[Captioned web image data]
..........
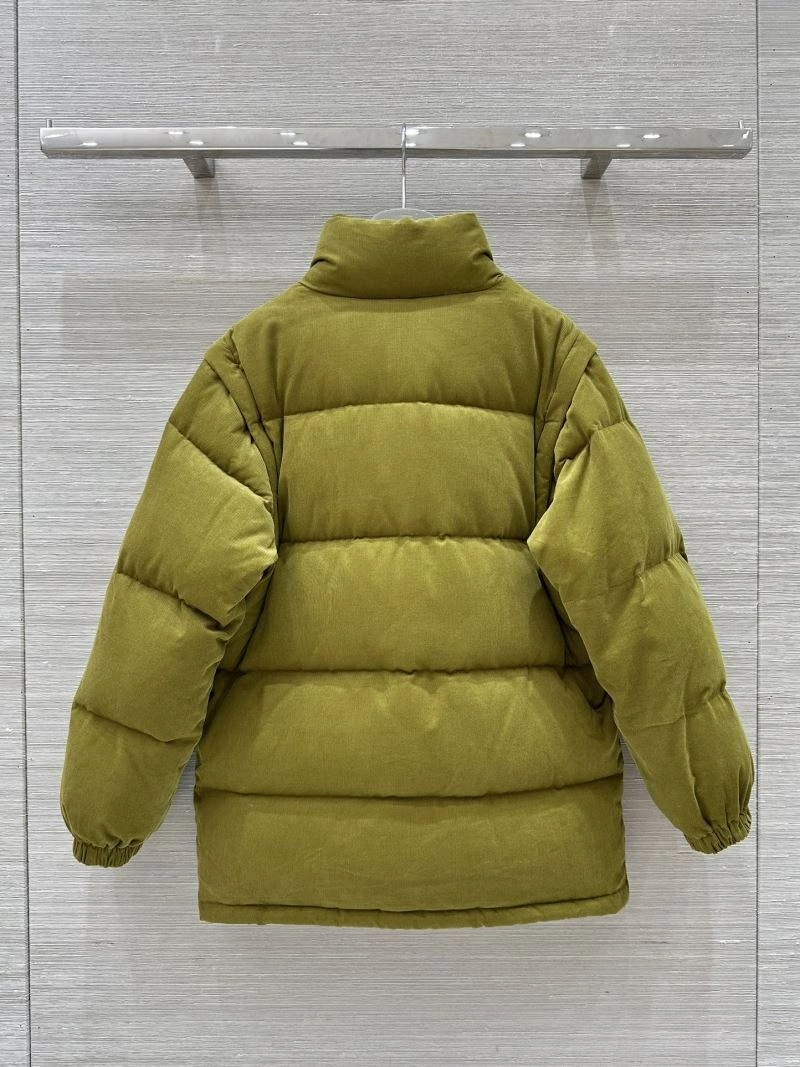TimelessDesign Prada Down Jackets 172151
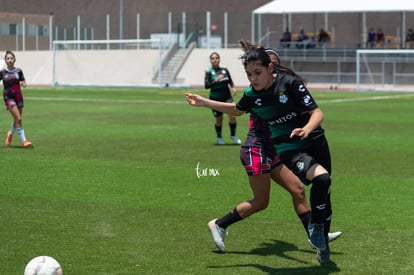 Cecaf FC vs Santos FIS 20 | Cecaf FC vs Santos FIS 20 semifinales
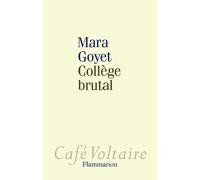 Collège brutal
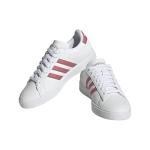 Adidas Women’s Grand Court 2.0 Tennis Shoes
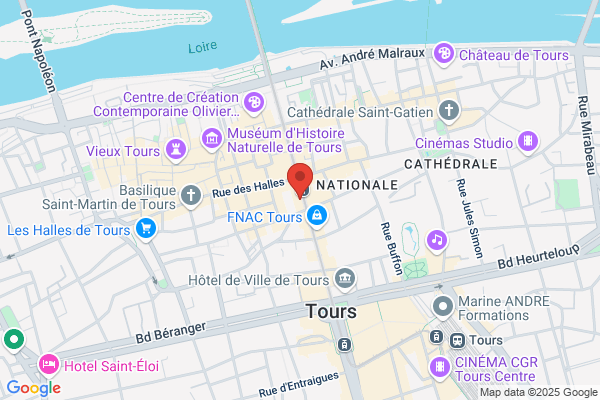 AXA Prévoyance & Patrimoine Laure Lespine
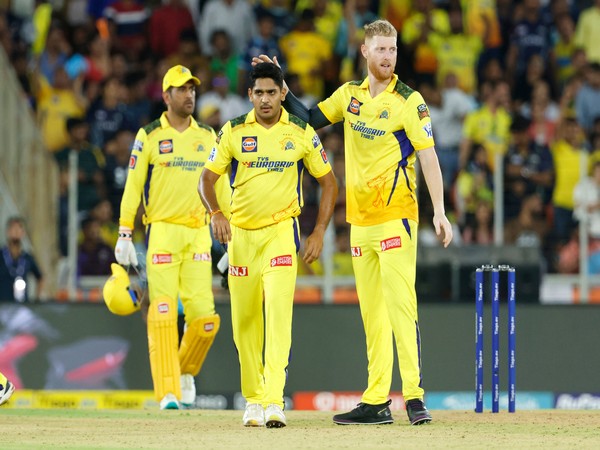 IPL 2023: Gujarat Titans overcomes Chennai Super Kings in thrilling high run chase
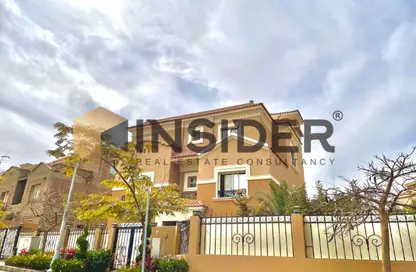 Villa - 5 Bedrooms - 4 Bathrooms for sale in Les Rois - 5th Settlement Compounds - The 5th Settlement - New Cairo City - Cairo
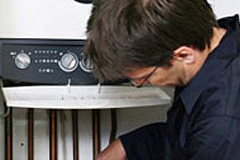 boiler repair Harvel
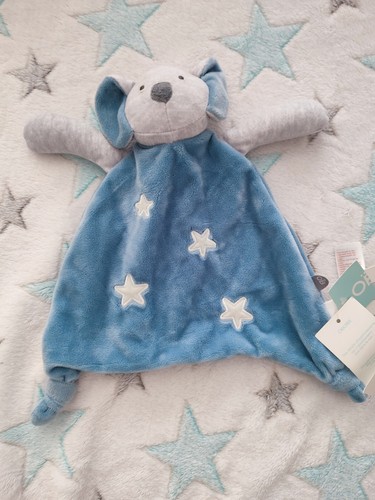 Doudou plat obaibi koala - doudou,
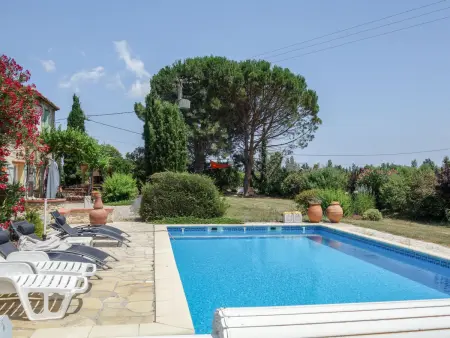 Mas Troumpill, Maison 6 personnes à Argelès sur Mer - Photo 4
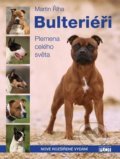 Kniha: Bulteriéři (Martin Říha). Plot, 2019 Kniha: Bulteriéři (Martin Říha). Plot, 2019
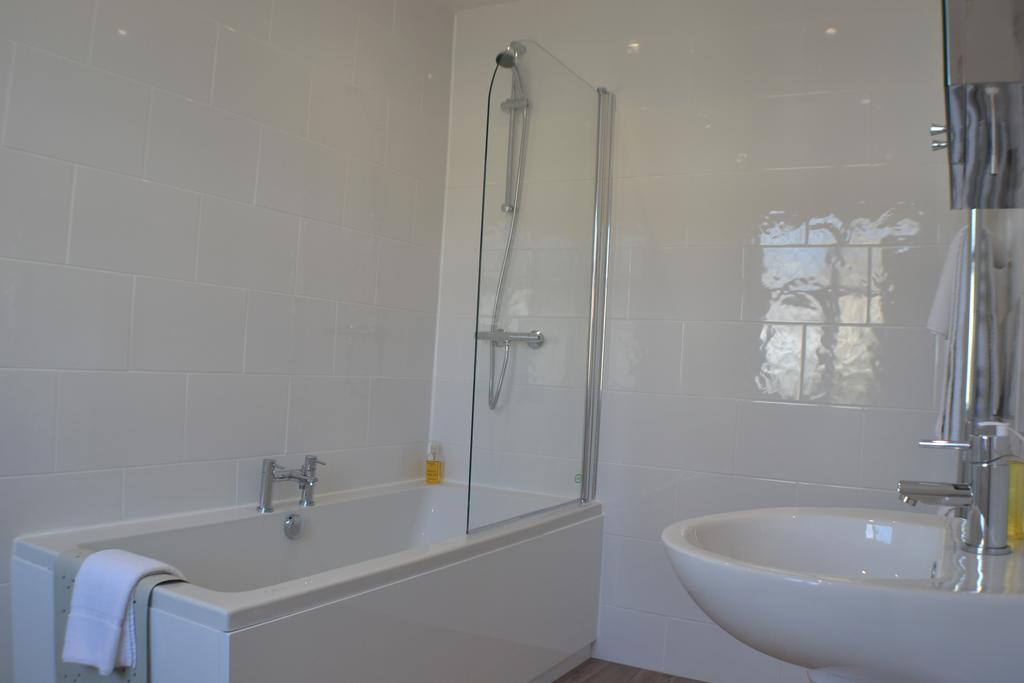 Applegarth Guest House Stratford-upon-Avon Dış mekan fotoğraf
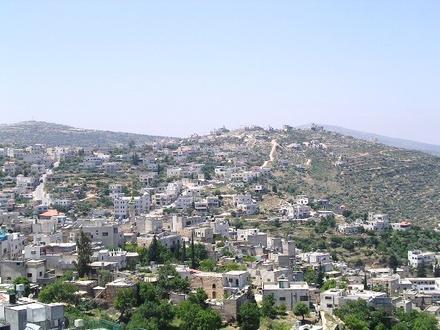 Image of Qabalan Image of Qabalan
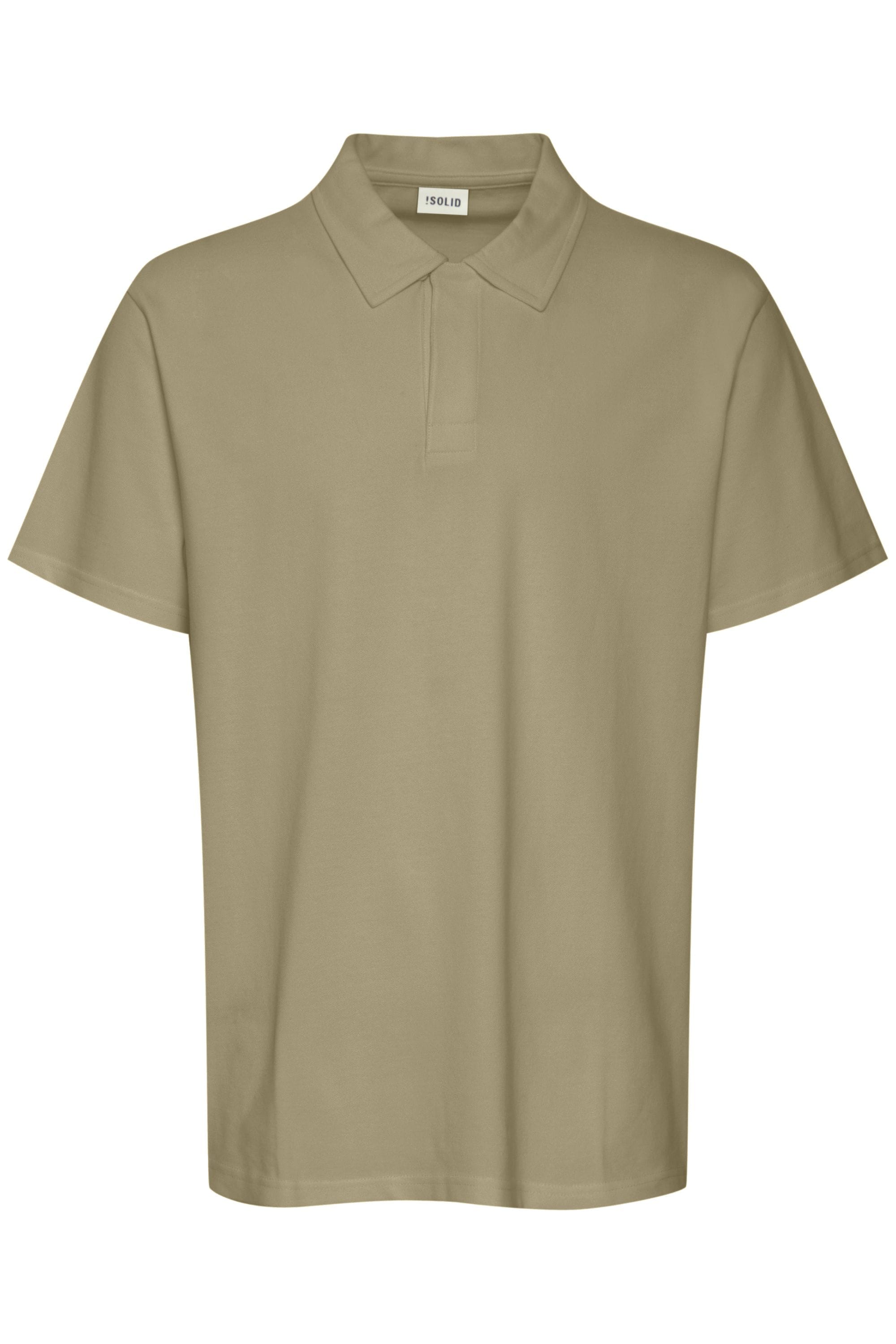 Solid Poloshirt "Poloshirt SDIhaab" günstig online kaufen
..........
Excluding every picture, write out each record word for word.

TimelessDesign Prada Down Jackets 172151
 Cecaf FC vs Santos FIS 20 | Cecaf FC vs Santos FIS 20 semifinales
 Collège brutal
 Adidas Women’s Grand Court 2.0 Tennis Shoes
 AXA Prévoyance & Patrimoine Laure Lespine
 IPL 2023: Gujarat Titans overcomes Chennai Super Kings in thrilling high run chase
 Villa - 5 Bedrooms - 4 Bathrooms for sale in Les Rois - 5th Settlement Compounds - The 5th Settlement - New Cairo City - Cairo
 boiler repair Harvel
 Doudou plat obaibi koala - doudou,
 Mas Troumpill, Maison 6 personnes à Argelès sur Mer - Photo 4
 Kniha: Bulteriéři (Martin Říha). Plot, 2019 Kniha: Bulteriéři (Martin Říha). Plot, 2019
 Applegarth Guest House Stratford-upon-Avon Dış mekan fotoğraf
 Image of Qabalan Image of Qabalan
 Solid Poloshirt "Poloshirt SDIhaab" günstig online kaufen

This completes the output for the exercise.